You can see that it is still kind of wedged between the table and the armchair, but hey.  We didn't actually have to rearrange the entire floor plan for it - more like just move the table a foot or so.  Decorating the tree is one of my favourite things to do.  The kids pretty much just spin out of control with excitement, we have to lock the dog into his crate because he goes nuts trying to figure out what is with this giant tree and why are the kids so excited, and my husband actually puts the tree together while I sing "Santa Baby" in a slutty kind of voice.  Good times.  We have an artificial tree despite the environmental horror, because three out of four people in this house have allergies and we do like to keep the mucus membranes happy.  I think it looks pretty fabulous, actually.  Here is my favourite part of the tree:


Jake put four of those candy cane ornaments on the same branch, and refused to move any of them because "They are a family!".  Love that kid. 
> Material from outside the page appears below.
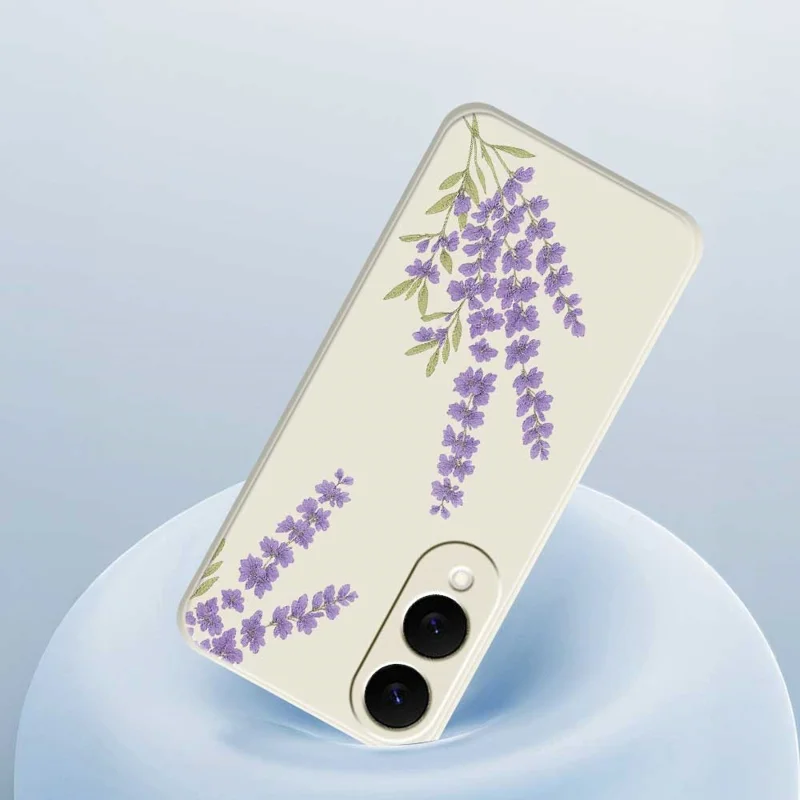For Samsung Galaxy S25 Edge Case Lavender Pattern Printing Straight Edge TPU Phone Back Cover - Beige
This weekend we also lit our strange assortment of outdoor decorations - a moose, a hippo, two penguins, and a miniature tree.  My husband had to do some extensive feats of electrical engineering just to get everything lit, the timer to go on, etc.  It reminded me of one of my very favourite Christmas movies of all time - Christmas Vacation.  "The little lights are not twinkling." 
All right.  I am still slightly anxious about the swimming but I'm feeling better, so thank you for listening.  I will end with another great line from that movie - a friend reminded me of it - "Holy shit.  Where's the Tylenol?"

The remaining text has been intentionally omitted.